The UK is the windiest country in Europe and has the largest offshore area within its national jurisdiction. As a result, it has by far the greatest potential to get renewable energy through offshore wind farms, both near shore and in deep water, which can be over 50km from the shore.
However, technological innovation, cost and attracting finance continue to challenge the viability of offshore wind developments. When compared to onshore wind farms, offshore wind capital costs are twice as high, due in part to the difficult work environment as well as the challenges associated with assembling the technology and specialist supply chain.
Innovation to reduce the lifetime cost of offshore wind generation, known as the Levelized Cost of Energy (LCOE), is a key aspect of UK government policy, stakeholder activity and supply chain investment.
02 Overview of the market and players
As at June 2015 there were 25 operational offshore wind farms with 5.05GW capacity delivering electricity to the National Grid. The potential for investment is huge. If all offshore wind farms planned or in development are constructed, the industry will provide the UK with over 25GW of capacity. Projects with consent and subsidy awards are worth around £20bn in capex. A further £16bn worth of projects have consent but are waiting to secure government support through pricing mechanisms before the final investment decision is made.
There are a large number of stakeholders engaged in the development of the UK offshore wind industry.
■ The Crown Estate owns the UK seabed, is the landlord and controls the release of zones for exploitation through Zone Development Agreements (ZDA), which provide exclusive development rights for the successful bidder. The Crown Estate has had a key role in building the industry, particularly by awarding ZDAs only to organisations (usually consortiums) that are able to demonstrate capability to deliver operational wind farms. There have been three ZDA rounds, providing the theoretical potential of 40GW of energy generation.
■ DECC, BIS and UKTI all represent the UK government interest in a viable UK offshore wind market: DECC from the perspective of energy security, consumer costs of electricity and climate change; BIS and UKTI from a competitive supply chain interest. The secretary of state for energy controls the final sign-off for consent, supported by statutory bodies including the Statutory Nature Consultation Body (SNCB).
■ Developers. Early projects were developed individually by UK and European utilities companies, including Centrica, RWE, E.on, Scottish Power, SSE, EDPR, Repsol, Statkraft, Statoil, Mainstream Renewables, and EDF. As projects have increased in size, joint ventures or consortiums of utility companies have emerged as the most common development model - with all parties seeking ways to reduce their risk exposure.
■ Suppliers. The European offshore market presents significant opportunities for suppliers in the development of technologies, as well as construction and offshore installation, operations and maintenance and decommissioning. The UK workforce is currently 14,000 strong and will see significant growth over the next few years as a shift takes place from the very low UK-sourced content in the country’s wind farms - in some cases below 20%. Constraints currently affecting the UK industry, for example, include a shortage of installation vessels and a lag in the development of UK-based manufacturing capability.

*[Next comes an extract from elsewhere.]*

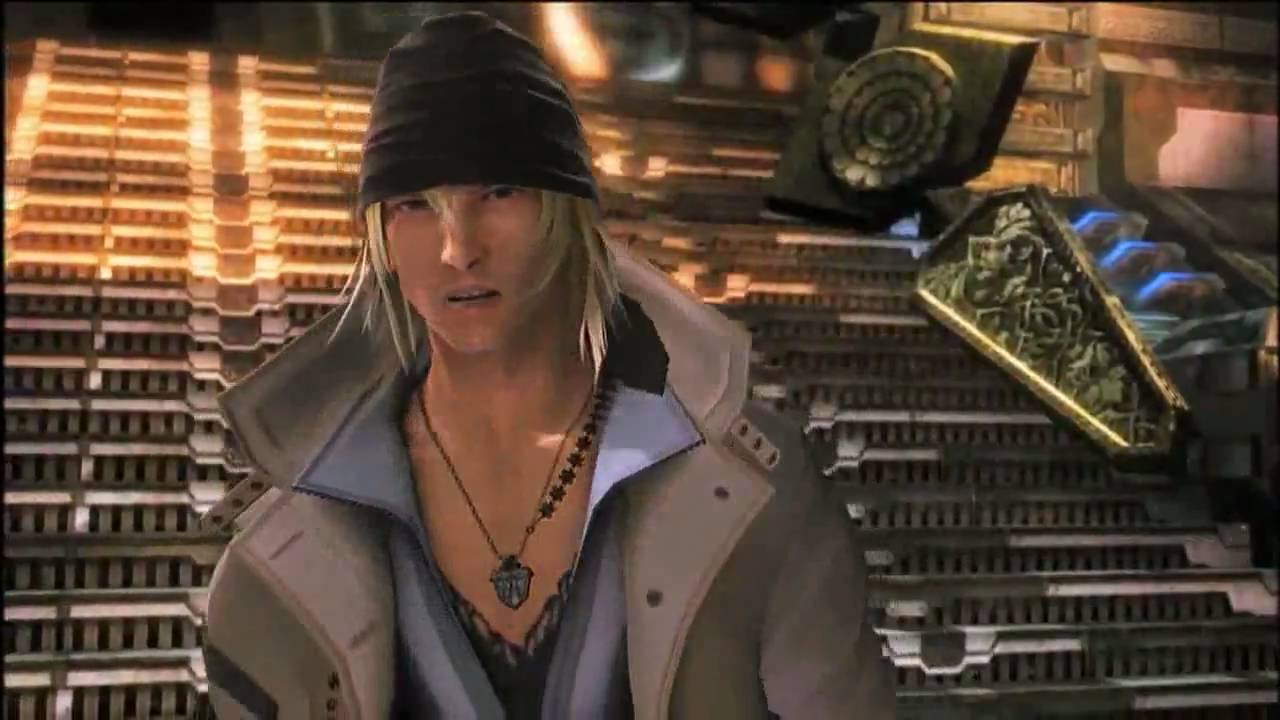 Best PS3 Games Now - 2010 (HD)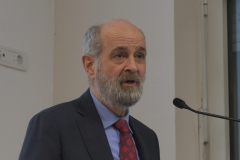 Still-2025-12-21-084140_1.169.1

■ Transmission owners. Separate ownership of generation and transmission assets has been introduced retrospectively into offshore wind. The offshore transmission regime has created offshore transmission owners (OFTO). On the current pipeline of projects, developers typically develop and construct the whole plant and once commissioned transfer ownership of the transmission part of the plant to an OFTO. The logic behind this is that the developers will assure the delivery of the transmission asset, avoiding the risk of “stranding” where there is no infrastructure to export electricity to the Grid.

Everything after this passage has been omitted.